In the second case, the localisation of the pathology was, with regard to the hard palate and the clivus, more caudal. The intention was not to perform a wide sphenoidotomy in the first place. Instead, only the lower part of the vomer and the posterior edge of the nasal septum were resected to allow bilateral access to the choanae. Resection of the mucosa of the clivus forming the posterior wall of the epipharynx guided to the bony lower tip of the clivus. In this case only resection of the odontoid, and not the clivus and only subtotal resection of the anterior arch of the atlas, was necessary (Fig. 2). The surgical field was far deeper as in the first case. Therefore, 0° and 30° endoscopes, 30 cm in length were used (Storz, Tuttlingen, Germany). Furthermore, a longer drill, MA-D20, with a thinner shaft, MA-15S, was introduced (Anspach, Palm Beach Gardens, Fl, USA). In both cases, the resection cavity was only covered with fibrin glue. As demonstrated in Fig. 3, the most caudal site of compression of the medulla was found in our third patient. In this case, the sphenoid sinus was not opened at all. Only the posterior lower edge of the nasal septum was resected to gain bilateral access. The most challenging and time-consuming resection in this case was the lateral aspects of the C2 body and the bone of the axis caudal to the anterior arch of the atlas. As shown in Fig. 3d and f, the drilling was done in a keyhole fashion with narrow corridor ventral and wider resection dorsal. In this case, a real cavity was formed. Even in standing position, fluids would not exit this cavity, provoking infection. For that reason, the cavity was obstructed by fascia lata. A nasogastric tube was inserted under endoscopic view.
Results
All patients were extubated the day of surgery. They received a gastric tube for 7 days (one patient for 3 weeks), thereafter, standard oral diet. There were no wound-healing disorders. One patient underwent a laterally and caudally expanded resection 5 days after first surgery due to insufficient relief of symptoms and still visible signs of basilar impression on postoperative imaging (Fig. 3c, d).

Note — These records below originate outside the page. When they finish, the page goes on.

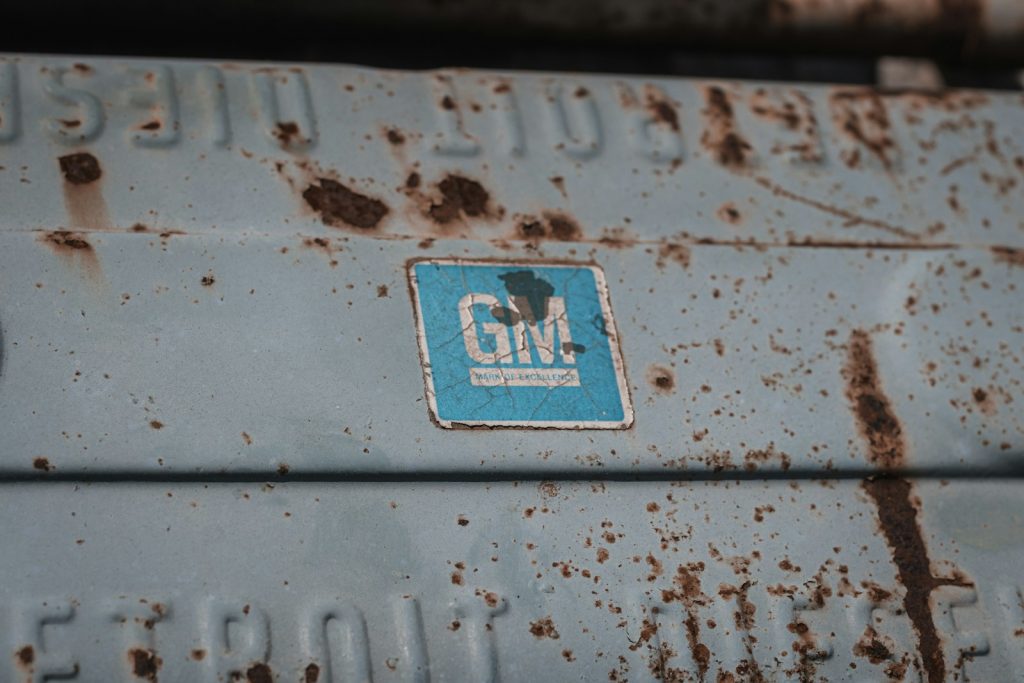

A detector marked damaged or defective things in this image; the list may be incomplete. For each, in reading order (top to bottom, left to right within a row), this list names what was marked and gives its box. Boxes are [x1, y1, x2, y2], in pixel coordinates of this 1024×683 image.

rust spot [704, 86, 752, 168]
rust spot [58, 154, 101, 186]
rust spot [304, 178, 388, 231]
rust spot [424, 174, 488, 224]
rust spot [648, 366, 672, 392]
rust spot [844, 332, 900, 470]
rust spot [528, 616, 560, 640]
rust spot [14, 648, 33, 668]
rust spot [129, 648, 161, 680]
rust spot [247, 664, 274, 683]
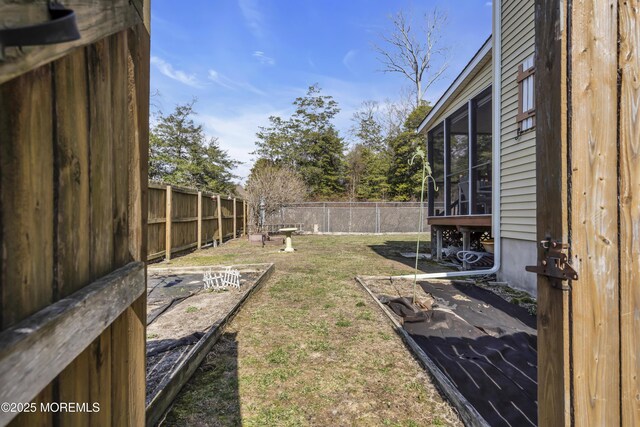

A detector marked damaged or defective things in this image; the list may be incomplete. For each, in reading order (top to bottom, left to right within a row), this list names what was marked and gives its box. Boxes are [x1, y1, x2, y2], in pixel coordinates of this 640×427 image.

rusty door hinge [528, 241, 576, 288]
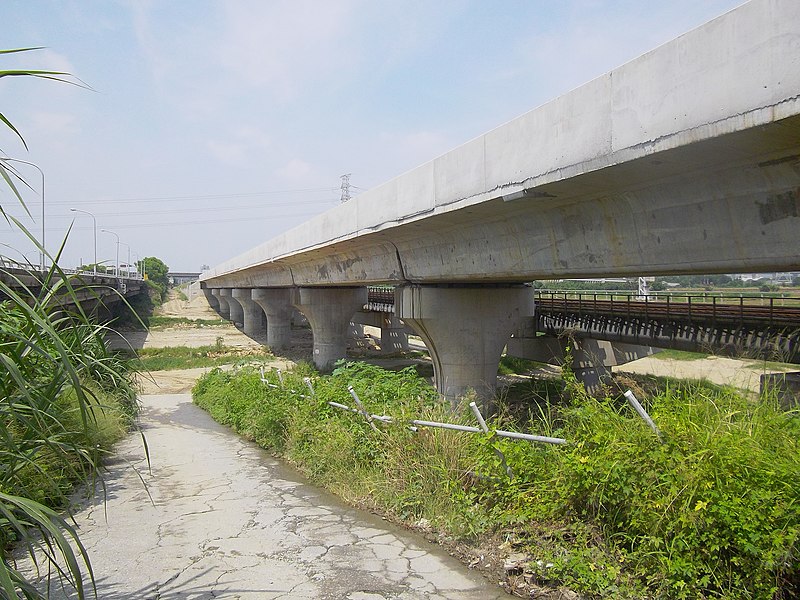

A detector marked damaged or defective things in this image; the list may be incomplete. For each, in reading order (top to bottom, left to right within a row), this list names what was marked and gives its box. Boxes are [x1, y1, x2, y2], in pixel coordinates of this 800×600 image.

rusty stain [760, 188, 796, 225]
cracked concrete surface [31, 396, 510, 596]
cracked pavement [32, 394, 512, 600]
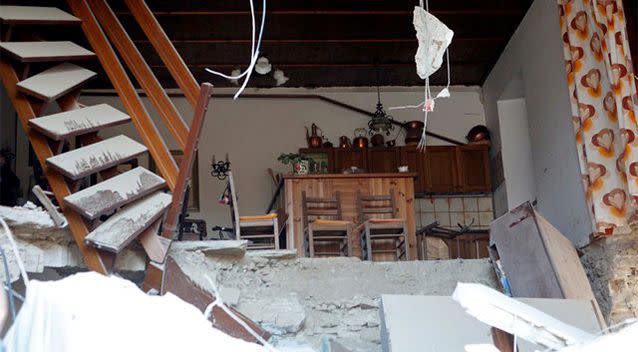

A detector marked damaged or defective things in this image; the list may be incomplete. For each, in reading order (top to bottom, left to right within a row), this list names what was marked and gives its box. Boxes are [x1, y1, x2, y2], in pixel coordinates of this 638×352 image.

broken wooden board [0, 5, 81, 24]
broken wooden board [0, 41, 95, 63]
broken wooden board [15, 62, 96, 102]
broken wooden board [28, 103, 130, 140]
broken wooden board [47, 134, 148, 179]
broken wooden board [64, 166, 165, 220]
broken wooden board [84, 192, 172, 253]
broken wooden board [490, 202, 604, 328]
broken wooden board [162, 256, 270, 344]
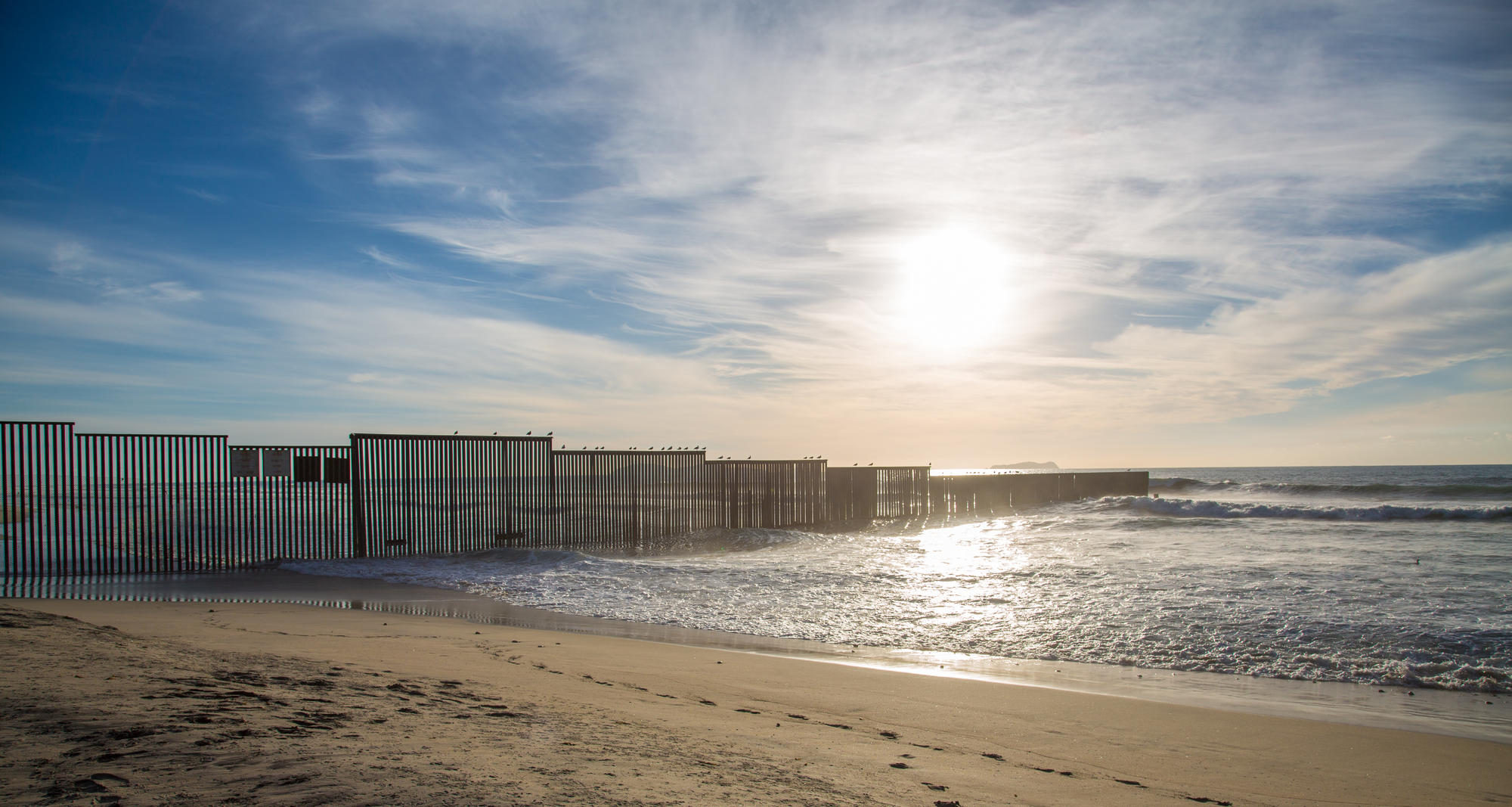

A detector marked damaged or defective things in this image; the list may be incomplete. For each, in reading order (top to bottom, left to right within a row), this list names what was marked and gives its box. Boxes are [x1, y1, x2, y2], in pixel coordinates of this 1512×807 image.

All patients displayed improvement of myelopathy, motor function, fine motor skills and reduction of neck pain.
After months of immobilization due to tetraparesis, patient no. 1 made her first attempt at walking during the first week postoperatively. Nasogastric tube was removed on the third postoperative week, speech normalized and salivary retention disappeared. Due to myocardial infarction, the patient died 4 months after the operation. The patient had a long history of chronic heart failure and recurrent endocarditis with valvular transplant 10 years ago.
One year postoperatively patient no. 2 displayed completely restored fine motor skills, as well as no gait disturbances or hypaesthesia. Complete resection of the retrodental extradural tumor was shown in the postoperative imaging (Fig. 2c, d). Histopathology revealed chondral tissue, no inflammation or malignant cells. She only complained about the restricted mobility of her neck.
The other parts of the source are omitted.